October 4

On or about this day in 1796,William Henry Ireland published in London An Authentic Account of the Shakspeare Manuscripts, in which he confessed the sensational forgery of several Shakespeare manuscripts. Ireland wrote:

“I solemnly declare first, that my father was perfectly unacquainted with the whole affair, believing the papers most firmly the productions of Shakspeare. Secondly, that I am myself both the author and writer, and had no aid from any soul living, and that I should never have gone so far, but the world praised the papers so much and therefore flattered my vanity.”

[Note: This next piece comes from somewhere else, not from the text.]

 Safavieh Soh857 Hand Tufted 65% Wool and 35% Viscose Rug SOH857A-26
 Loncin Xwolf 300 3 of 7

Ireland, the son of a rare book dealer with a special interest in Shakespeare, had accompanied his father on a trip to Stratford-on-Avon in 1794, where he met John Jordan, who had admitted forging the last will of Shakespeare’s father. The young man, just seventeen years of age, became curious about Jordan’s methods. This forgery so excited his interest that he proceeded, primarily to please his father, to “discover” a number of lost Shakespeare documents, in the form of the actor’s contracts, letters, and notes. His imitation of Shakespeare’s calligraphy was close enough that the foremost bibliophiles and scholars in London accepted them as true copies.

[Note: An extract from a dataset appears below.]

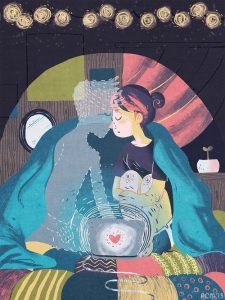 AMOR EN LA DISTANCIA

Ireland was so delighted with the results of his forgeries that he even wrote a complete play, entitled Vortigern and Rowena, which was actually performed in the Drury Lane Theatre on April 2, 1796.The London drama critics were considerably more astute than the bibliophiles, with the result that the pseudo-Shakespeare was quickly uncovered. In 1805, Ireland wrote his Confessions, in which he related his methods in duping the experts.

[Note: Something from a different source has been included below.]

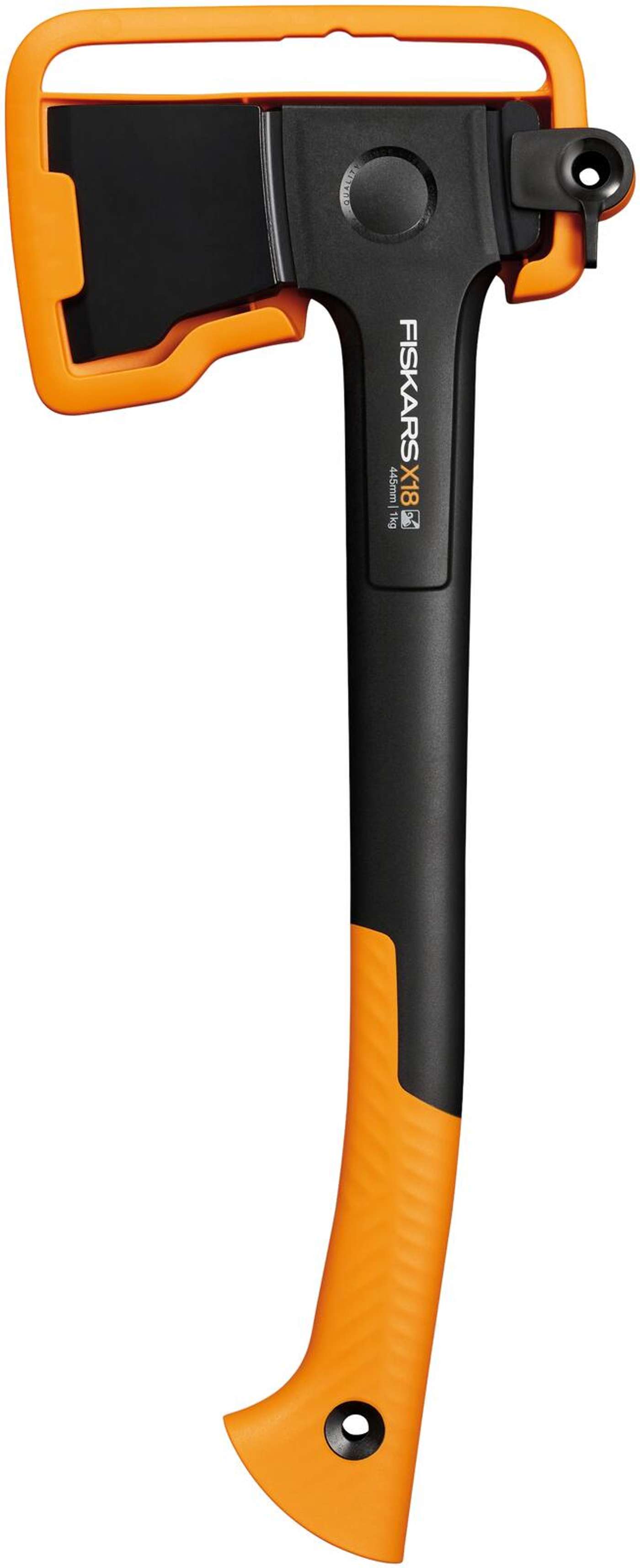 Универсальный топор Fiskars S X18 X-серия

“It became necessary,” he wrote, “that I should possess a sufficient quantity of old paper to enable me to proceed; in consequence of which I applied to a bookseller named Verey, in Great May’s buildings, St. Martin’s Lane, who, for the sum of five shillings, suffered me to take from all the folio and quarto volumes in his shop the fly-leaves which they contained. . . . As I was fully aware, from the variety of watermarks which are in existence at the present day, that they must have constantly been altered since the period of Elizabeth, and being for some time wholly unacquainted with the watermarks of that age, I very carefully produced my first specimens of the writing on such sheets of old paper as had no watermark whatever. Having heard it frequently stated that such marks on paper would have greatly tended to establish their validity, I listened attentively to every remark which was made upon the subject, and from thence I at length gleaned the intelligence that a jug was the prevalent watermark of the reign of Elizabeth: in consequence of which I inspected all the sheets of old paper then in my possession; and having selected such as had the jug upon them, I produced the succeeding manuscripts upon these; being careful, however, to mingle with them a certain number of blank leaves, that the production on a sudden of so many watermarks might excite suspicion in the breasts of those persons who were most conversant with the manuscripts.”